When I was a child, I would hear my mother say things like, “I’m fat.” “This looks terrible on me.” Whatever it was she was dealing with or feeling about her physical appearance, she would voice in front of me and my brothers.

As a kid, I didn’t think much about it. When she would say things like that about herself, I didn’t understand because, to me, she was none of those things. I did not think she was fat, I did not think my mother was less-than, but she clearly felt that way about herself. She was ALWAYS on a diet.

Fast forward to me in my early 30’s. No kids yet. I started saying the same kinds of things about myself. My mom and I talked about it and here’s what we realized: When you hear your parent say negative things about themselves, you internalize it. And the craziest thing about it is, you don’t even realize you’ve internalized it until much later in life. That’s exactly what happened to me in my early 30’s.

The other interesting part about all of this is that of course my mother was always very complimentary to me and my brothers. She always built us up and gave us compliments, but she never, ever did it for herself. Because of that, when I hit a point in my life when I was heavier than I wanted to be, it turned super negative.

I am a mom of two boys, but I still think it’s extremely important to break this cycle. So, in my house, my boys have NEVER once heard me say, “I feel fat,” “I am fat,” “I don’t look good in these pants,” etc. Nothing. Never. Not one time. And here’s why: I want them to grow up with the strongest sense of self-esteem possible. I don’t want anything that I do to ever make them believe that they’re less-than.

My mother did not do that on purpose. It makes me so sad that she felt that way about herself. I see her as an amazing woman. If I can walk around projecting an attitude of confidence, I feel like that’s the real determiner of my children’s self-confidence as adults. And y’all, I don’t feel confident every day. I don’t. But I fake it ‘till I make it. They are going to see me with a positive attitude about my life and my body.

20 years from now when my boys are struggling with whatever life has thrown them, I don’t want them to fall in that same trap. I don’t ever want them to feel unworthy or like they don’t have every reason to walk around confidently.

If you are a parent and you are down on yourself, and you are not feeling the way you’d like to feel, please don’t say it in front of your children. If you’re cutting yourself down, and when they look at you they think you’re just wonderful and amazing, they’re eventually going to internalize that. You don’t want that to happen.

My mom and I have had a really open dialogue about this.
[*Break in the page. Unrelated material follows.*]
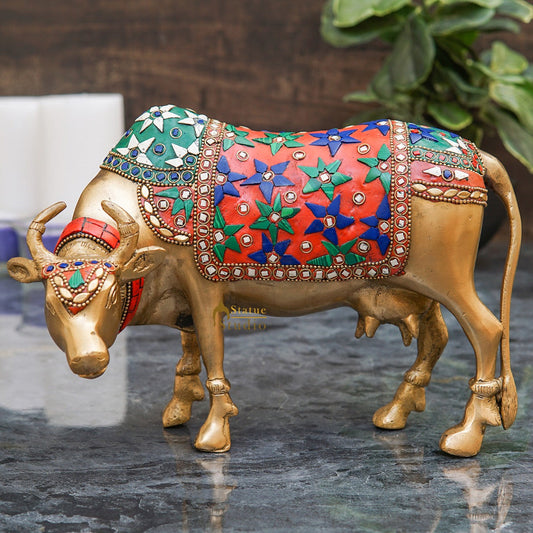 Brass Holy Cow Idol Home Temple Pooja Room Décor Diwali Wedding Gift Statue 7"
We’ve worked through it together and I’ve worked through my own body image stuff, but I’m so passionate about this. Your words matter. Whether they’re kind words or negative words matters. Sometimes we don’t realize that what we say in front of our kids can affect them years later. You’re not going to see the immediate effect of cutting yourself down in front of your children, but I guarantee you it will affect them.

This post is really about self-love. It’s about giving yourself grace and working on loving yourself exactly as you are. Even (and especially) if you aren’t where you want to be. If there’s something you don’t like in your life, about yourself or the path you’re taking, change it. You have the ability to make positive change. Don’t let your children hear you cut yourself down. You are so much better than that and they deserve to see a mom who loves herself.

If you’ve gone down that path of saying negative things about yourself in front of your kids, stop. Make today a new day. Make a new pact with yourself that you will no longer do that. We control what comes out of our mouths, we control what we share. Speak and breathe positivity into yourself and your children.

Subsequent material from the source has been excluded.